# Hornhecht, welche Uhrzeit, welcher Bodengrund?



## Dorschi (6. April 2005)

Hallo Leute!
Fahre die Woche nachmeinem Geburtstag (Präsent von meiner Freundin  :q ) 1 Woche nach Rügen und das ist ja eigentlich eine gute Zeit, um Hornhecht zu jagen.
Welche Uhrzeit und welchen Bodengrund haltet Ihr erfahrungsgemäß für sinnvoll? In welchem Abstand vom Ufer ist denn mit Hornis zu rechnen? Nahe am Strand habe ich sie jedenfalls noch nicht gesehen. Kann aber bisher auch nur auf Seebrückenerfahrung zurückblicken. Wenn jemand von Euch noch einen rügener Hotspot weiß, bin ich glücklich. Will vielleicht abends dann noch auf Mefo und Dorsch blinkern.
Man kann sich ja auch mal gemeinsam an´s Werk machen.
Beste Grüße


----------



## Seeteufelfreund (6. April 2005)

*AW: Hornhecht, welche Uhrzeit, welcher Bodengrund?*

@ Dorschi
Hornis sind meist da ,wenn der Raps blüht,sonst reiner Zufall,würde ich mal sagen.Ausserdem stehen momentan die Heringe vor den Türen und erst
danach kommen die Hornis,mußt also noch etwas warten.....



Der STF


----------



## Seeteufelfreund (6. April 2005)

*AW: Hornhecht, welche Uhrzeit, welcher Bodengrund?*

@ Dorschi
Gib mal " Hornhecht " bei Suche ein,im letzten Jahr hatten wir einen
Wahnsinns Berichtefluß deswegen,da werden all deine Fragen beantwortet.


Der STF


----------



## Tyron (6. April 2005)

*AW: Hornhecht, welche Uhrzeit, welcher Bodengrund?*

Jo, würd dir (Dorschi) auch erstmal die Suche empfehlen, wenn du dann noch Fragen hast, kannst ja wieder schreiben...


----------



## Dorschi (6. April 2005)

*AW: Hornhecht, welche Uhrzeit, welcher Bodengrund?*

STF ja ich weiß, das sie kommen, wenn der Raps blüht, aber Uhrzeit! nicht Monat.
Freut mich, daß Du derzeit im Heringsfieber bist, aber ich wohne weiter weg und muß also bis Mai warten.
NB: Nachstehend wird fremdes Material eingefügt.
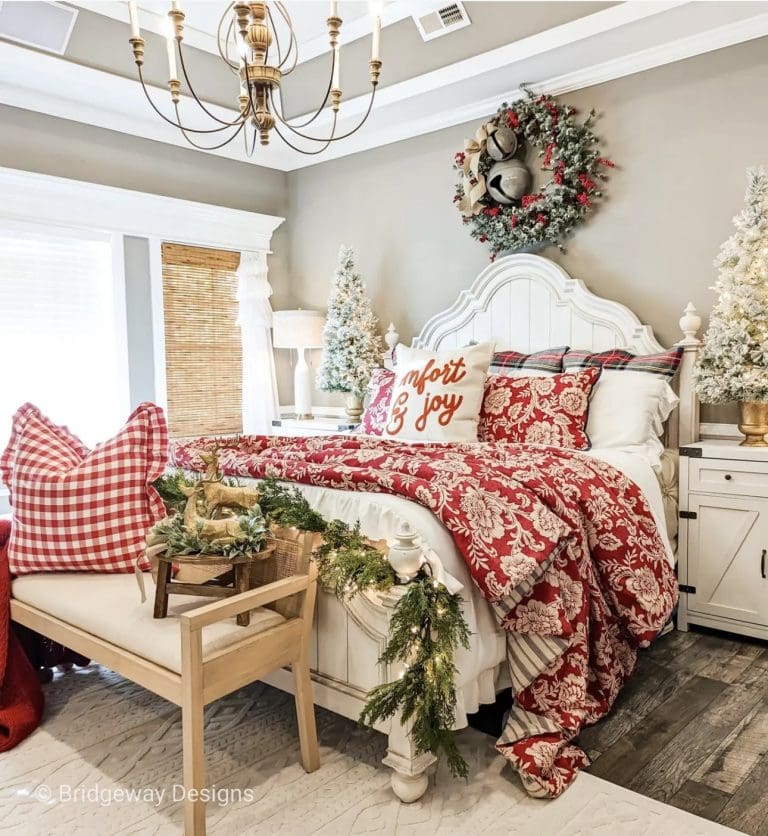 34 Cozy Christmas Bedroom Decor Ideas for a Festive Feel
Und das will vorbereitet sein! Will die wenigen Tage ja richtig nutzen und wie Du schon richtig bemerkt hast, wirft die Suchfunktion dann einen Riesenbatzen aus, durch den ich mich leider schon zeitmäßig nicht wühlen kann


----------



## carassius (6. April 2005)

*AW: Hornhecht, welche Uhrzeit, welcher Bodengrund?*

Der Hornhecht läuft am besten wenn die Sonne scheint!


  Gruß Carassius!


----------



## Garfield0815 (6. April 2005)

*AW: Hornhecht, welche Uhrzeit, welcher Bodengrund?*

Eigentlich fängst du die Tagsüber immer, wenn sie da sind.
Auch dicht unter Land.
Sind halt Sichträuber, mit zunehmender Dunkelheit läßt auch das Beissen nach.


----------



## Burki (6. April 2005)

*AW: Hornhecht, welche Uhrzeit, welcher Bodengrund?*

Hallo, der Zeitpunkt ist gut um Hornhechte zu angeln. Wenn es nicht sogar schon ein wenig zu spät ist. Letztes Jahr war ich im April auf Fehmarn und da ging hinsichtlich Hornhecht der Bär ab. 
Wir haben es immer so gehalten, das wir tagsüber auf Dorsch und Plattfisch mit dem Kleinboot geangelt haben und zum Spätnachmittag auf Hornhecht die dann in der Bucht waren. Aber außerhalb der Wurfweite vom Strand. Boot war ein muß.


----------



## MichaelB (6. April 2005)

*AW: Hornhecht, welche Uhrzeit, welcher Bodengrund?*

Moin,





			
				Dorschi schrieb:
			
		

> aber Uhrzeit!


 Zwischen 15.33 und 17.47Uhr  

Gruß
Michael


----------



## Seeteufelfreund (6. April 2005)

*AW: Hornhecht, welche Uhrzeit, welcher Bodengrund?*



			
				MichaelB schrieb:
			
		

> Moin, Zwischen 15.33 und 17.47Uhr
> 
> Gruß
> Michael



Also 10 Minuten Später hatte ich die  besten Erfolge...:q:q




Der STF


----------



## Lionhead (6. April 2005)

*AW: Hornhecht, welche Uhrzeit, welcher Bodengrund?*



			
				MichaelB schrieb:
			
		

> Moin, Zwischen 15.33 und 17.47Uhr
> 
> Gruß
> Michael


und möglichst nicht am Boden angeln  weil die Viecher nämlich meist oben schwimmen und sich sonnen....
Wichtig:Fangchancen erhöhen sich ungemein bei Bilderbuchwetter mit wenig Wind und Sonne satt.
Jan"Lionhead"


----------



## Rosi (6. April 2005)

*AW: Hornhecht, welche Uhrzeit, welcher Bodengrund?*

An unserem Strand konnte ich den Horni blinkern. Er war nicht weit draußen. Meist ab Mittag, bis in die Abendstunden. Nimm einen silbernen Blinker, 21-24g reichen aus. Auswerfen und kurze Rucke im Wasser, kann auch tiefer sein. Wenn der Horni da ist, beißt er besonders gut auf alles was blitzt und ruckt.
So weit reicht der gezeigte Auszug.